As I was posting the announcement to various groups I am part of, I questioned whether I should post the announcement to "discussion" or "news" as I did not want to just make the announcement, but also allow for any questions. I posted my student's announcement exactly as he had written it and wanted to be able to engage in any discussion about the project itself should anyone have a comment or question. So I posted it in the discussion area.

Well, for one group, obviously I posted it in the wrong section as I received the following message:

Virginia, please do not post announcements on the Discussion tab (you know what a discussion is, don't you?). Use the News tab for these.

I was mortified and extremely embarrassed. I felt like I was back in grade school when I spoke out of turn or made a mistake and was made to feel like a complete idiot. What was worse was this comment was written by someone who is an instructional designer. I can only hope that he does not interact directly with students. I asked which group he was part of so that I could withdraw from the group.

The fact is, even though I did not know this person, the lack of leeway he gave to someone that obviously is not active in the group makes me uncomfortable being part of the group. This is an important lesson for me that online groups who have rigid rules of conduct, should have detailed instructions/guidelines. Without the guidelines, facilitators should be open to any interaction, being careful in how they give feedback to help a "newbie" feel welcome, rather than embarrassing them because they did not understand the social norms of the community.

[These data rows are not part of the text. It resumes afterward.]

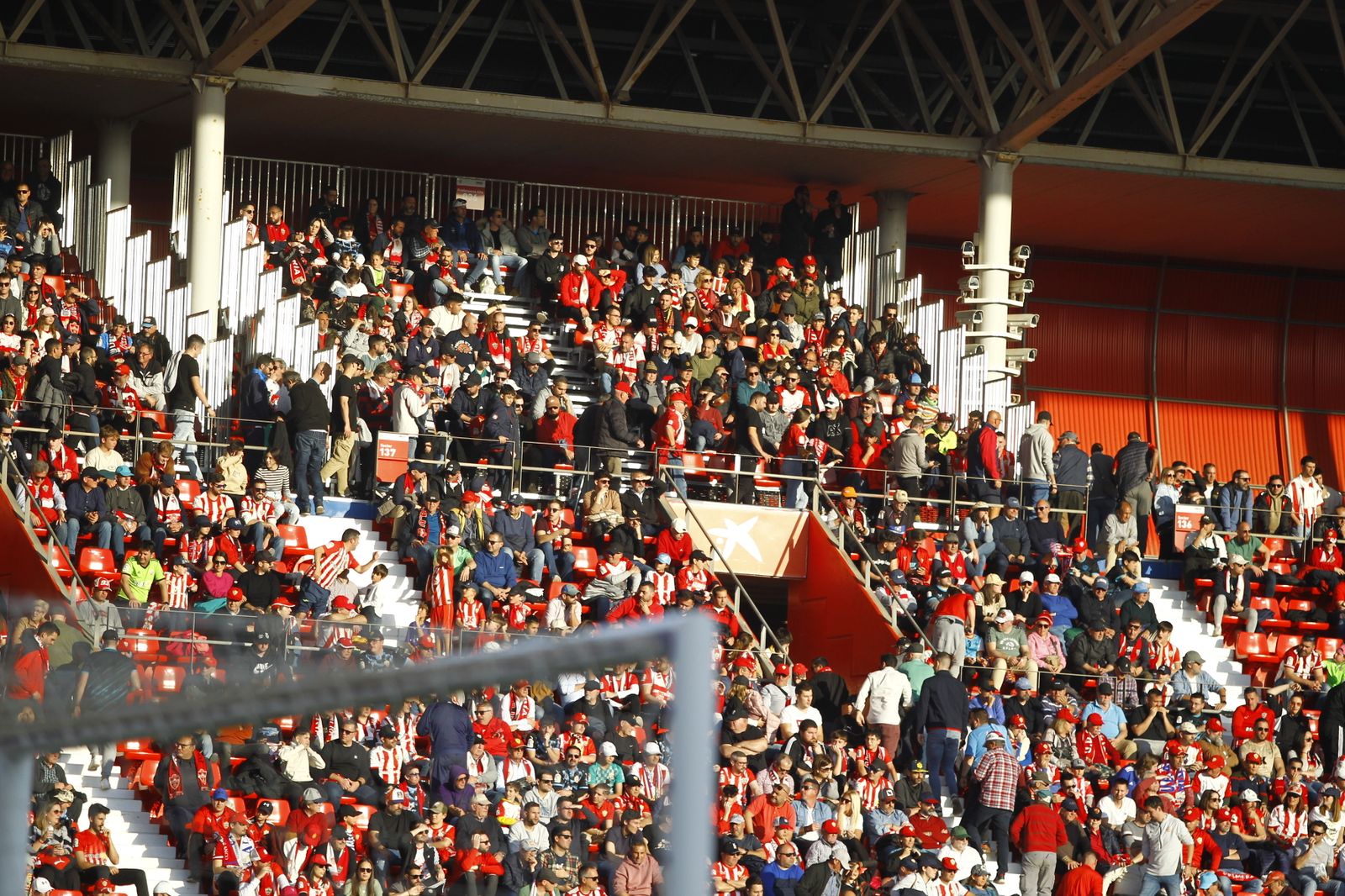 Imágenes de la derrota de la U.D. Almería ante el Villarreal por 0 a 2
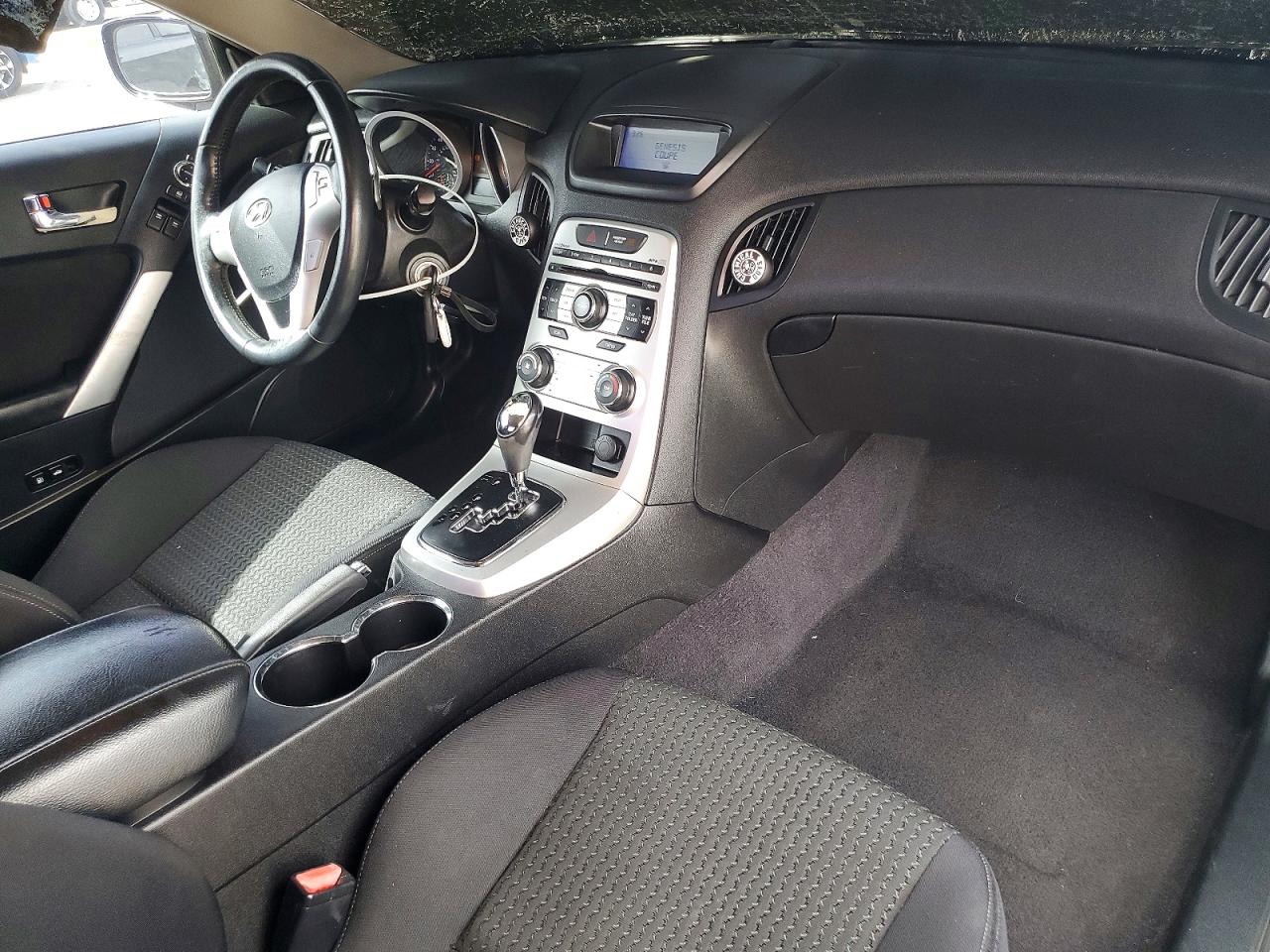 Hyundai Genesis 2.0t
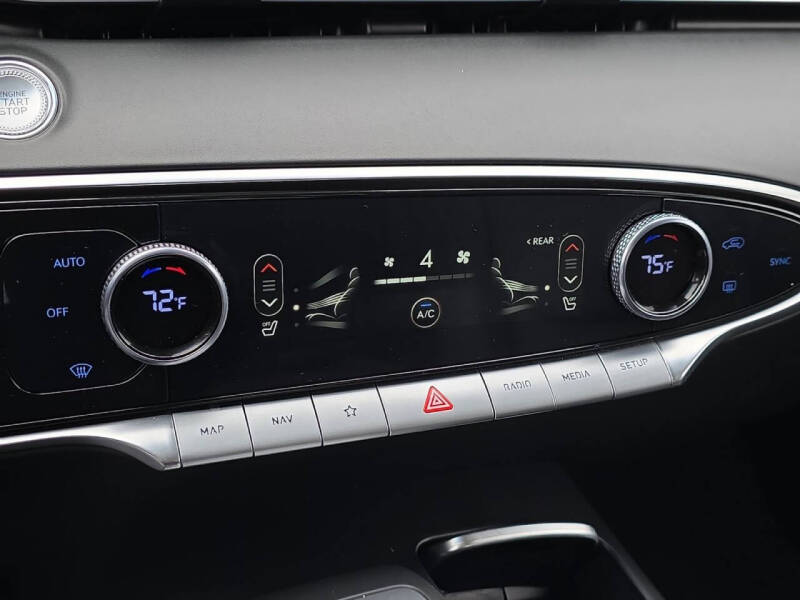 2025 Genesis GV70 2.5T Standard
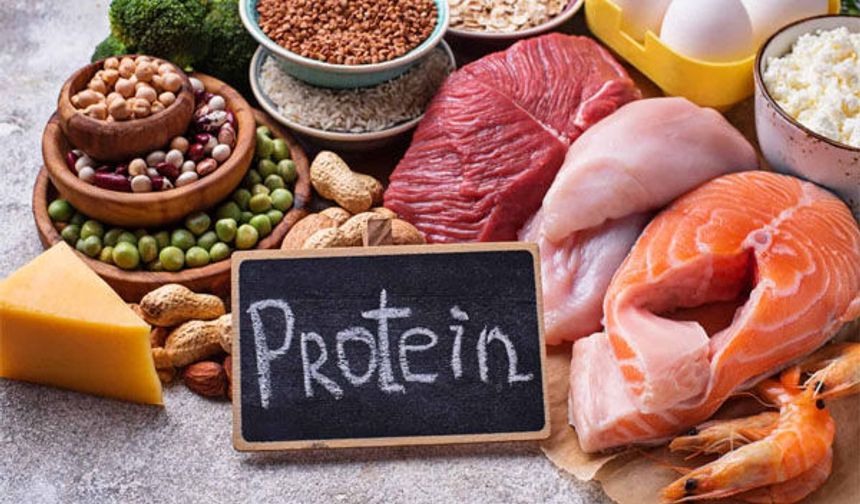 Uzmandan Yaz Ayları İçin Uyarı: Hafif Beslenirken Protein Alımını İhmal Etmeyin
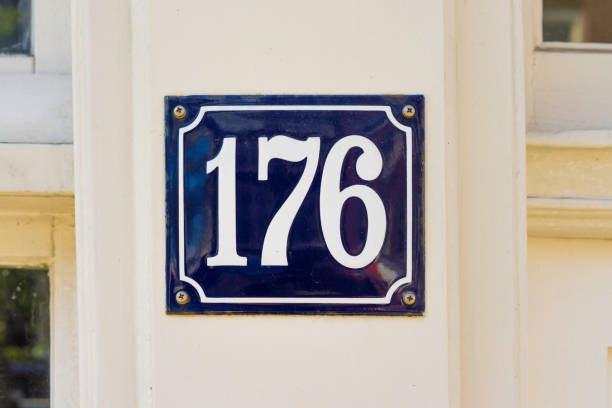 número 176 - house numbering fotografías e imágenes de stock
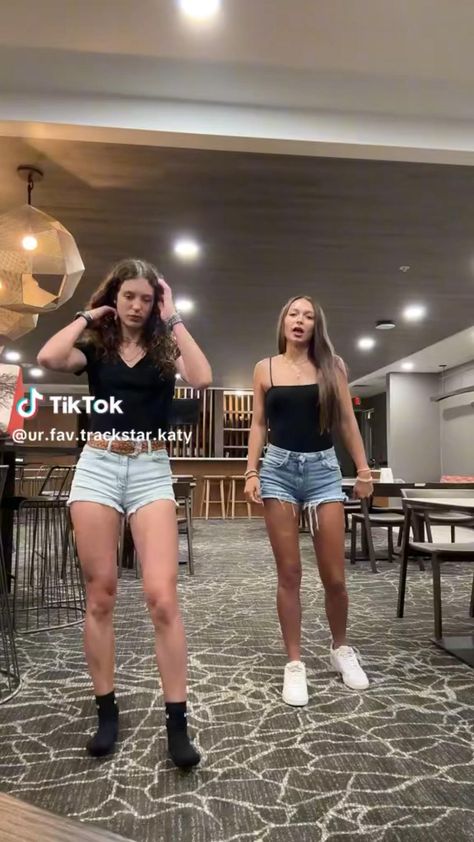 #tiktok #tiktokdances #trendy #dance Teen Sleepover Ideas, Mode Converse, Snap Dance, Everybody Dance Now, Easy Dance, Viral Dance, Best Friend Challenges, New Dance Video, Ballet Dance Videos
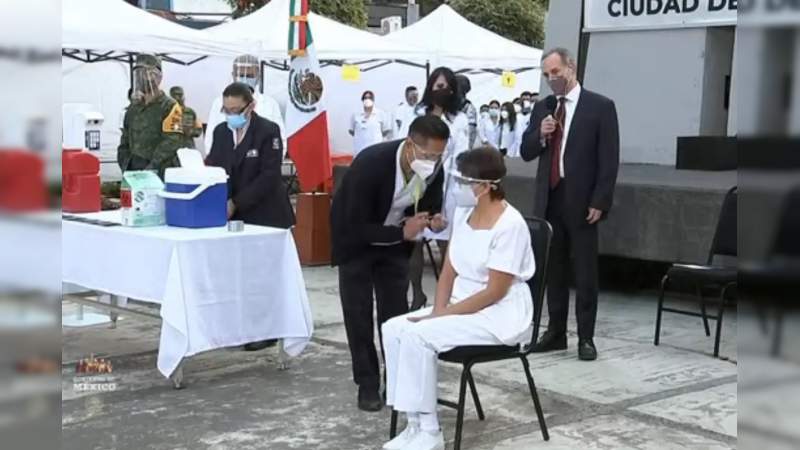Una enfermera en la Ciudad de México, la primera en recibir la vacuna de Pfizer-BioNtech contra el coronavirus 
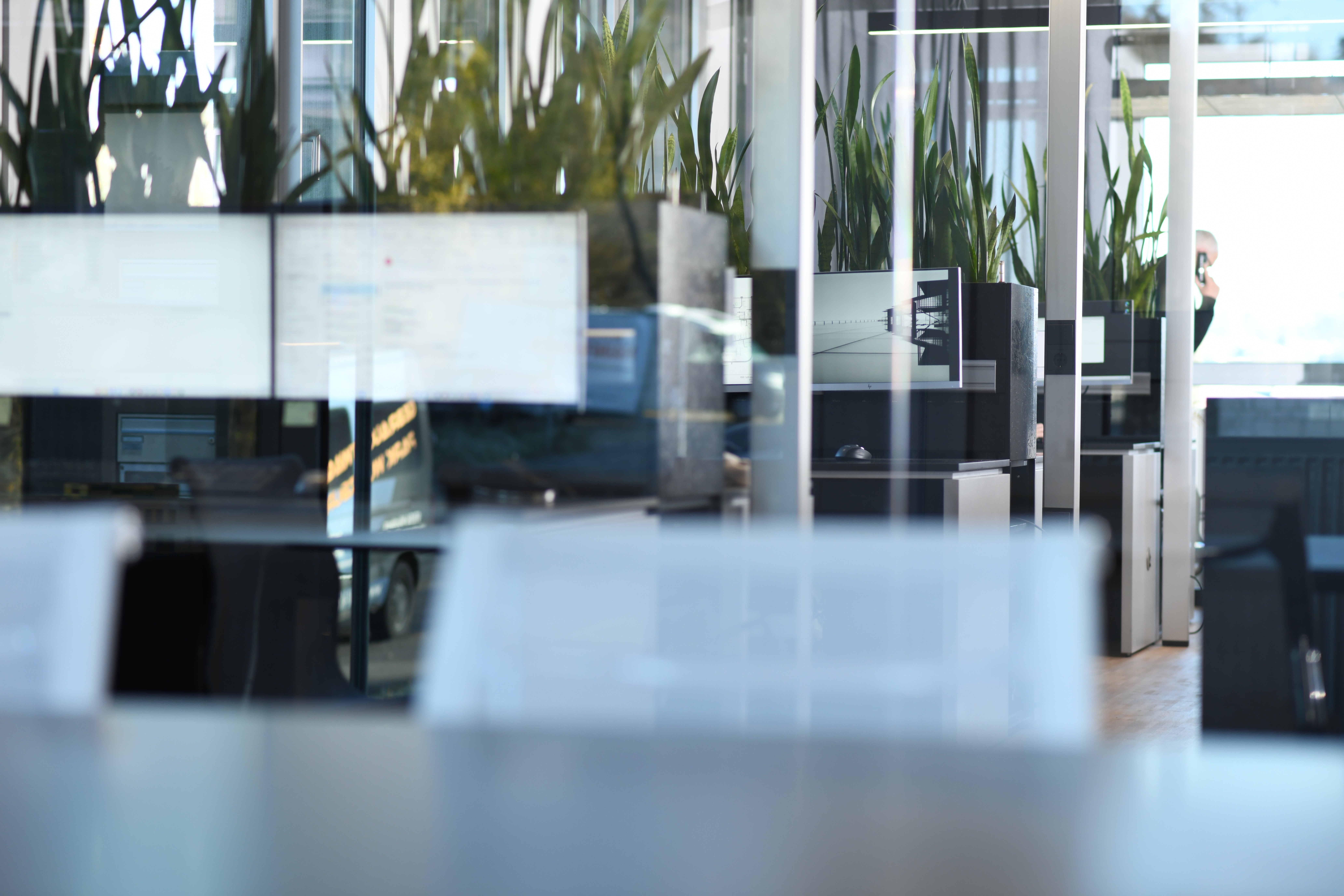 Orangenes g auf schwarzem Hintergrund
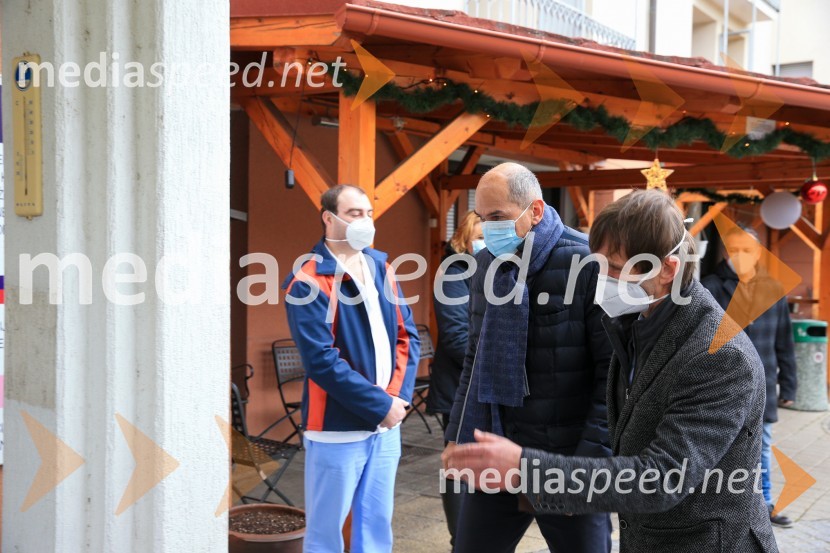  Janez Janša, predsednik vlade RS; mag. Marko Slavič, direktor Doma Danice VogrinecV Sloveniji pričetek cepljenja proti novemu korona virusu Covid19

Blogger In Middle-earth said...

Kia ora Virginia!

Unfortunately, everyone does not think like a teacher or instructor. This evidence, all be it anecdotal, fits with my general experience with instructional designers, as it happens. Not everyone understands that everyone is on a learning curve.

There is, of course, the possibility that unwritten, unannounced rules or regulations cannot and should not be acted upon in the manner you describe. To do so is subscribing to the philosophy that "ignorance of the law is no excuse", with no real understanding as to why you posted the 'announcement' there in the first place.

When similar things have happened to me, I (attempt to) reply to the respondent as politely as I can in the hope that a better understanding can be established. It doesn't always work though.

Catchya later

V Yonkers said...

I did try to reply and received a very rude response suggesting that I not waste people's time on linkedin (my comment: after all their time is much more valuable than mine because THEY have an important job).

V Yonkers said...

FYI: This was the response I got:

The whole point of Linkedin is two-way communication between professionals. These groups are not the want-ads, they are communities of practice. You can certainly use the groups to market or share useful information, just do it in the right place (e.g., the News tab).

Advertisement and announcements on the Discussion tab discourage real discussions and encourage copycats. It isn't about offending people, it is about supporting the community. And chasing after inappropriate posts consumes valuable time.

You can un-join groups, but it might be more practical to just play by the rules.

I find it interesting because this was a group that I found to be very encroaching and the least helpful. Not once did I find any of the discussions helpful, but rather a fishing expedition for contacts and job information. I'm not sure why he thought an invitation to a group run FREE online conference would be considered a want ad. Oh well. I've left the group and good ridence. It will definitely make me cognizant of how my students might understand (or misunderstand) the protocols of an online class's community interaction.